Un presque huis clos, une machine à l’allure steampunk,des polaroids, et trois personnages principaux. Le décor est planté pour un thriller de SF intelligent avec en toile de fond, le voyage dans le temps. Vous êtes sceptiques? C’est tout à fait normal. De nombreux films se sont cassés les bobines en se frottant au paradoxe spatio-temporel. Time Lapse (sans spoiler l’intrigue) évite soigneusement de tomber dans les pièges de ce sous-genre. Tout dans le film est cadré et cadenassé, le voyage dans le temps étant un outil narratif et non une fin en soi.Le réalisateur, Bradley King, et le co-scénariste,B.P. Cooper, contournent le paradoxe temporel en figeant le futur grâce aux actes intentionnels de leurs trois personnages principaux. Trois potes découvrent que leur voisin est décédé. Dans une pièce de son appartement se trouve une machine braquée sur la fenêtre de leur salon qui prend des polaroids du futur. Ils s’efforceront de ne pas perturber cet avenir sur papier en calquant leurs comportements sur ce que leur montrent les photos.

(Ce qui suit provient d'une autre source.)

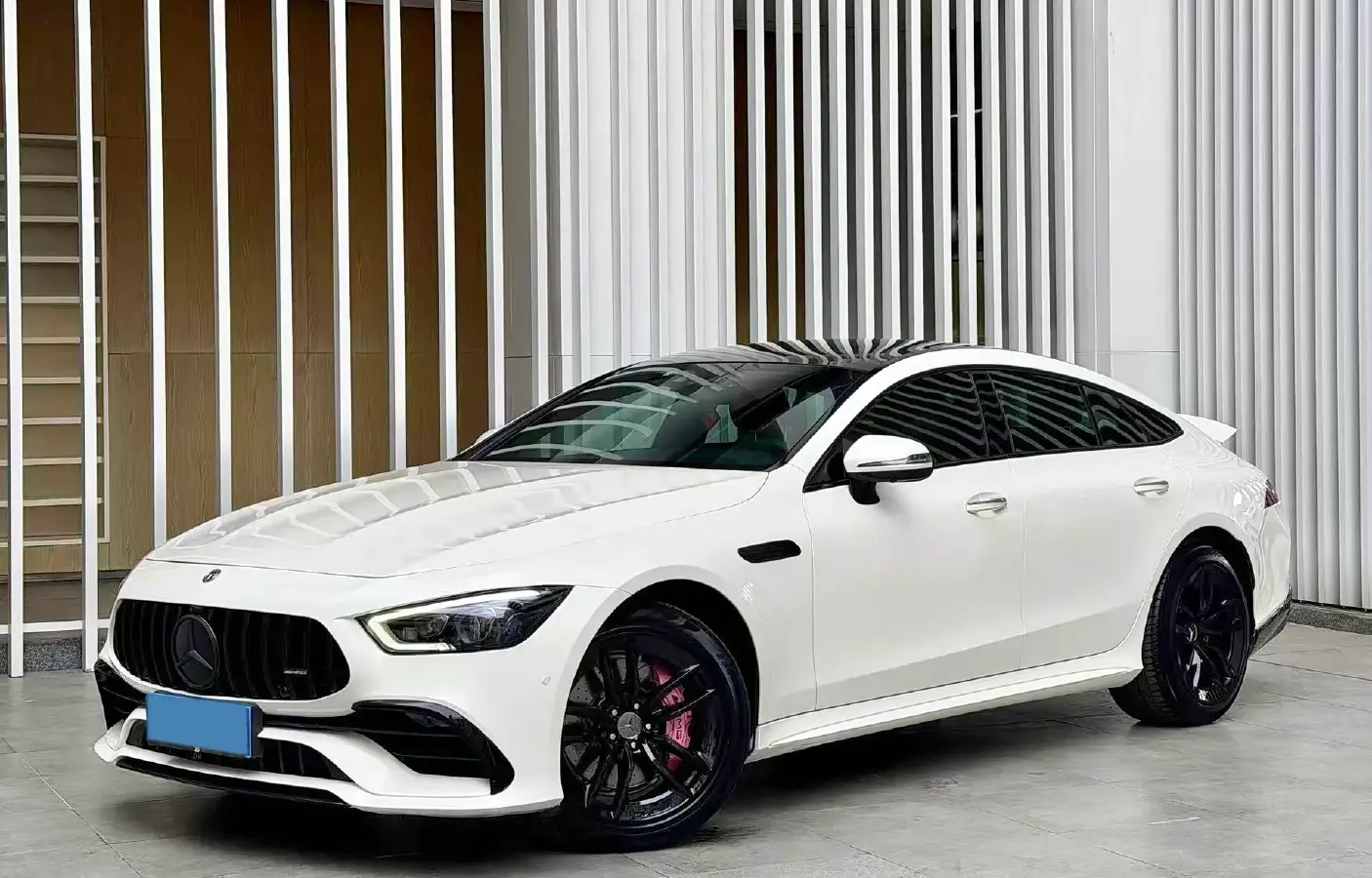 2020 Mercedes-Benz AMG GT 3.0T 367HP L6 9AT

Superbement mis en images, Time Lapse bénéficie d’une photographie classieuse magnifiant son aspect intimiste. Le récit à twists sans fausses notes tient parfaitement la route. Le scénario en béton armé multiplie les rebondissement pour aboutir à un retournement final joliment amené. Aidée par des acteurs franchement convaincants, la mise en scène est réussie.

Bref, Time Lapse est une petite pépite bien écrite qui manie à la fois les codes du thriller à twists et le voyage dans le temps. A voir.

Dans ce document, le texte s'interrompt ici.